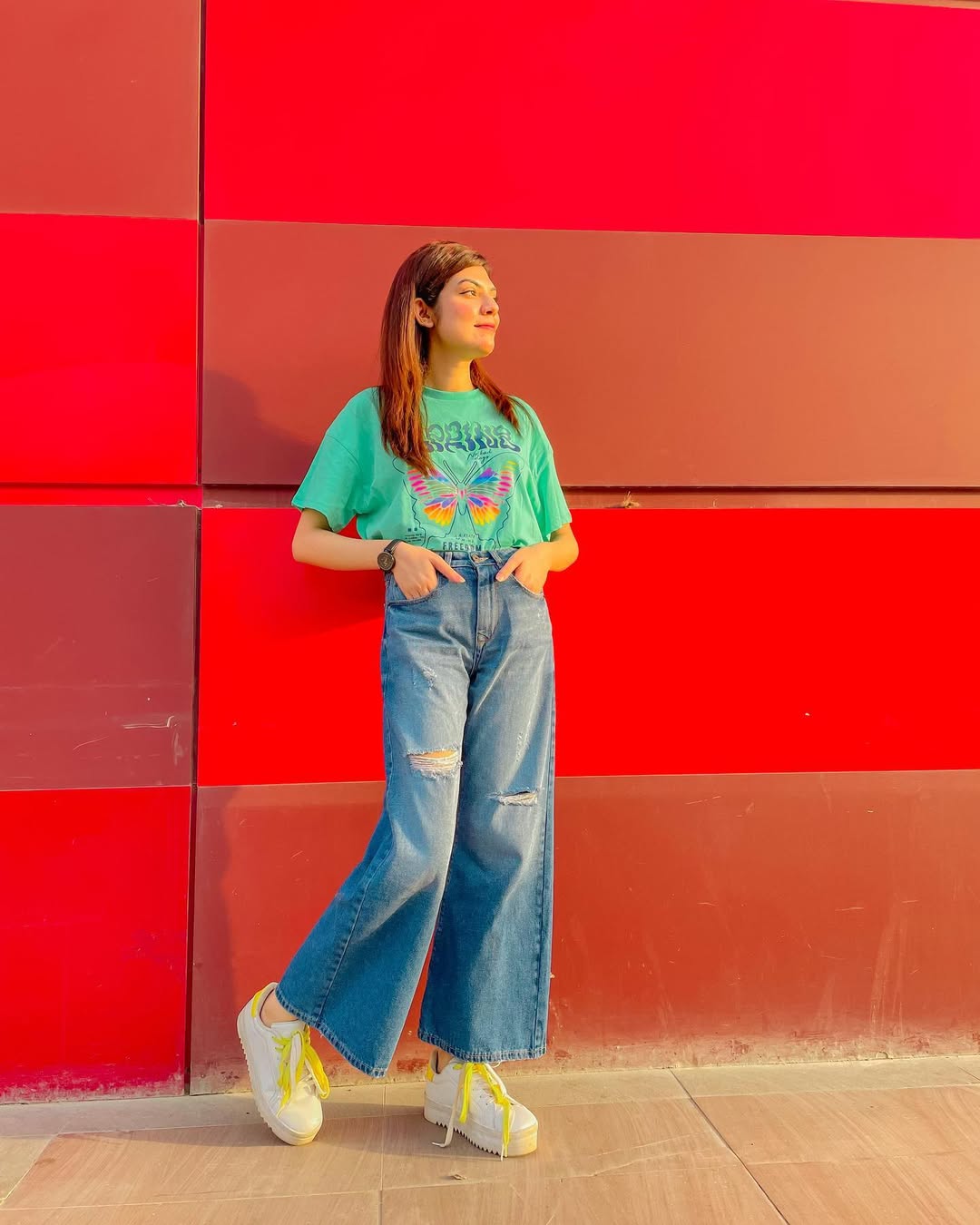 High-Waisted Women's Ripped Flare Jeans in Blue with a Straight-Style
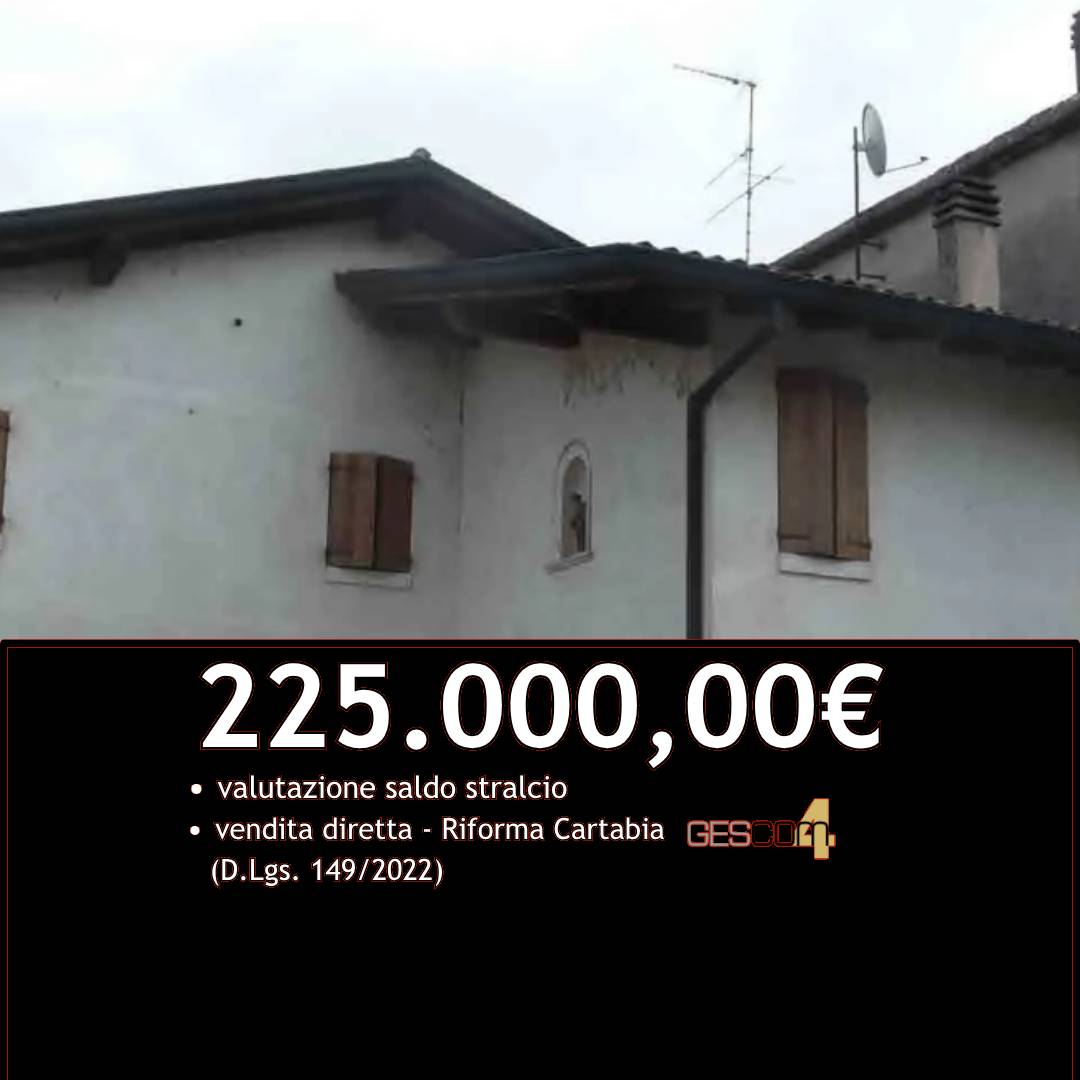 casa indipendente in vendita a Concamarise in zona Capitello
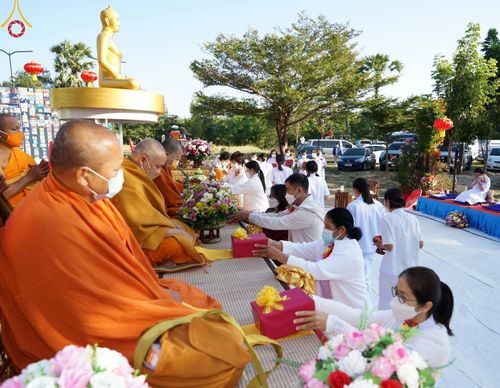 ภาพ No.43395: พิธีตักบาตรพระ 1,000 รูป ถวายเป็นพุทธบูชา ณ วัดห้วยตองสัก  จ.เชียงใหม่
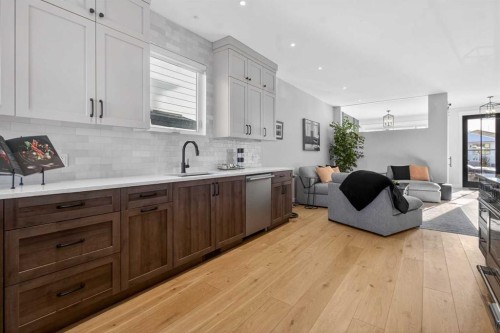 124 26 Avenue Ne, Calgary, AB - Indoor Photo Showing Kitchen
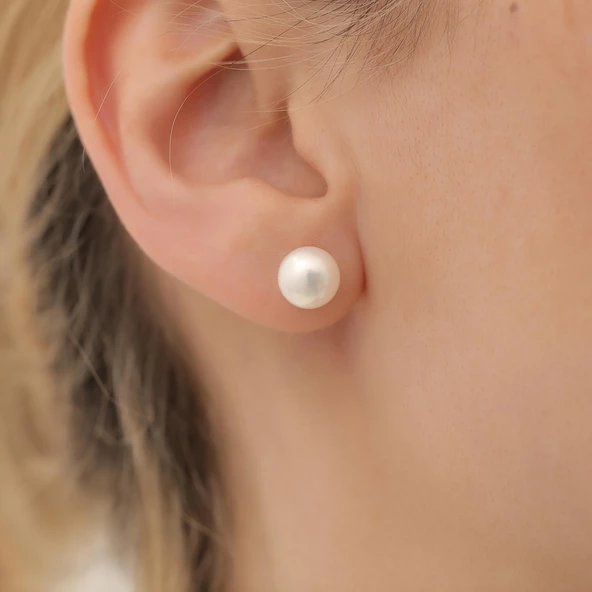 925 Ayar Gümüş Beyaz Tatlısu İncisi Çivi Küpe-9mm ürün görseli 1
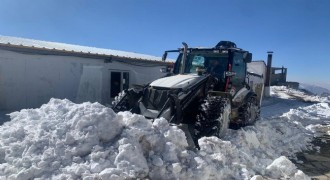 Hakkari'de 2 köy ve 10 mezra yolu kapandı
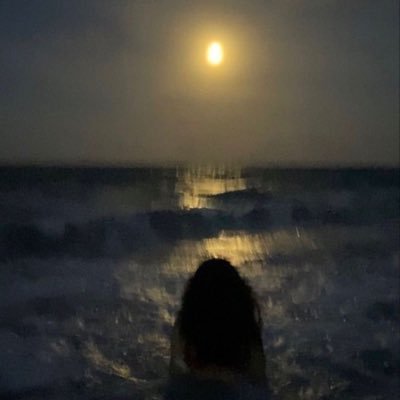 rllqp_'s profile picture. 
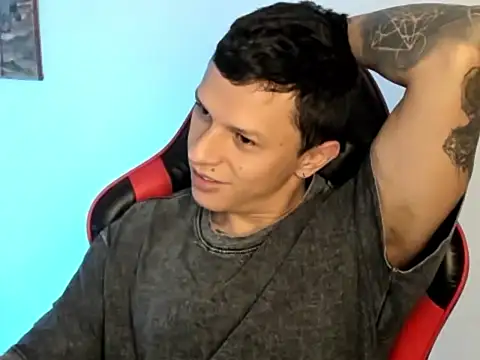 Snapshot of goodboy69l chatting on February 11, 12:16 pm goodboy69l online show from February 11, 12:16 pm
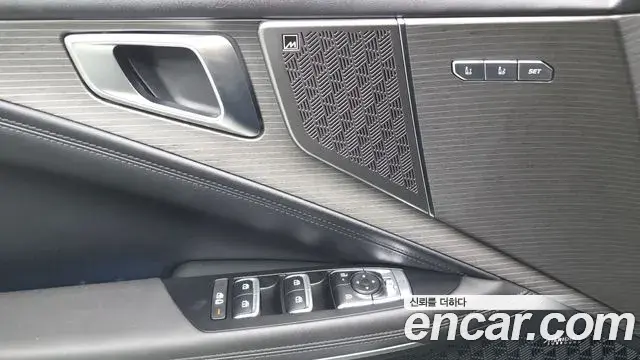 Kia K8 2025 — Şəkil 30/36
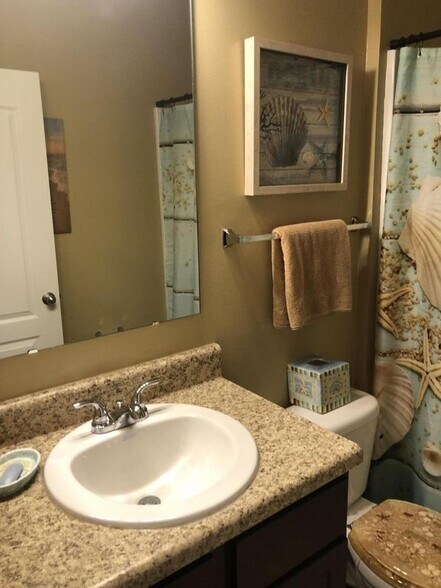 Dual Sinks in Master Bath - 4001 SW Canrady St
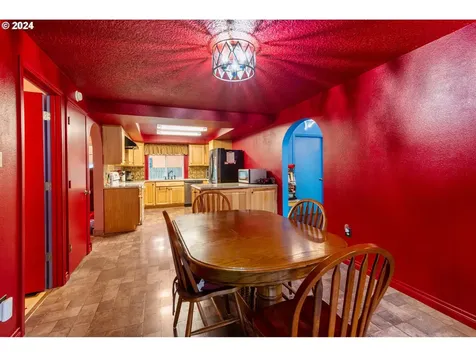14204 NE Piper Road Vancouver WA 98684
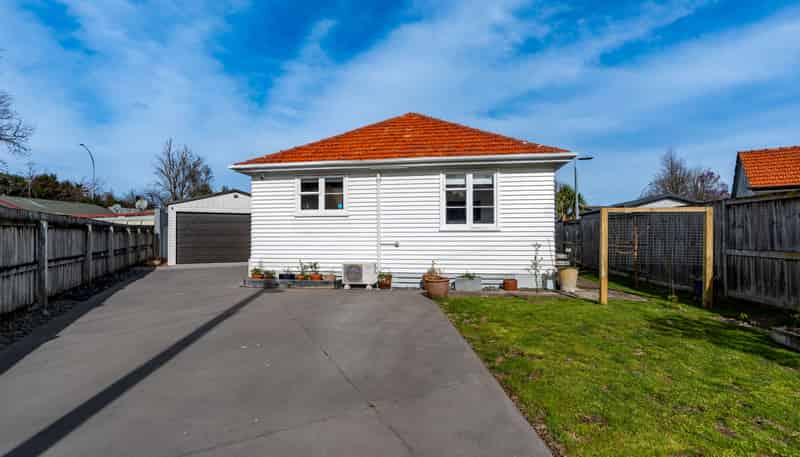 12 Cussen Street, Chartwell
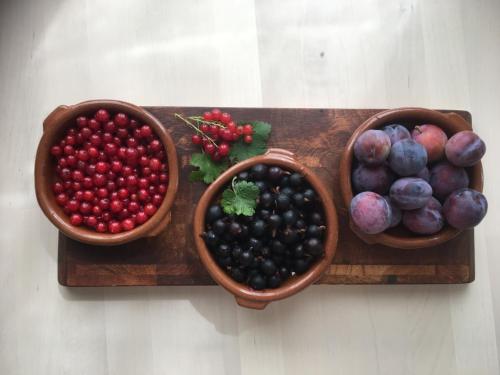 drei Schalen Obst auf einem Holztisch in der Unterkunft B&B De Limburgse Bergen in Berg en Terblijt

= = = = =

Task instructions: Without including any pictures, reproduce the data exactly.

Response area:
 High-Waisted Women's Ripped Flare Jeans in Blue with a Straight-Style
 casa indipendente in vendita a Concamarise in zona Capitello
 ภาพ No.43395: พิธีตักบาตรพระ 1,000 รูป ถวายเป็นพุทธบูชา ณ วัดห้วยตองสัก  จ.เชียงใหม่
 124 26 Avenue Ne, Calgary, AB - Indoor Photo Showing Kitchen
 925 Ayar Gümüş Beyaz Tatlısu İncisi Çivi Küpe-9mm ürün görseli 1
 Hakkari'de 2 köy ve 10 mezra yolu kapandı
 rllqp_'s profile picture. 
 Snapshot of goodboy69l chatting on February 11, 12:16 pm goodboy69l online show from February 11, 12:16 pm
 Kia K8 2025 — Şəkil 30/36
 Dual Sinks in Master Bath - 4001 SW Canrady St
14204 NE Piper Road Vancouver WA 98684
 12 Cussen Street, Chartwell
 drei Schalen Obst auf einem Holztisch in der Unterkunft B&B De Limburgse Bergen in Berg en Terblijt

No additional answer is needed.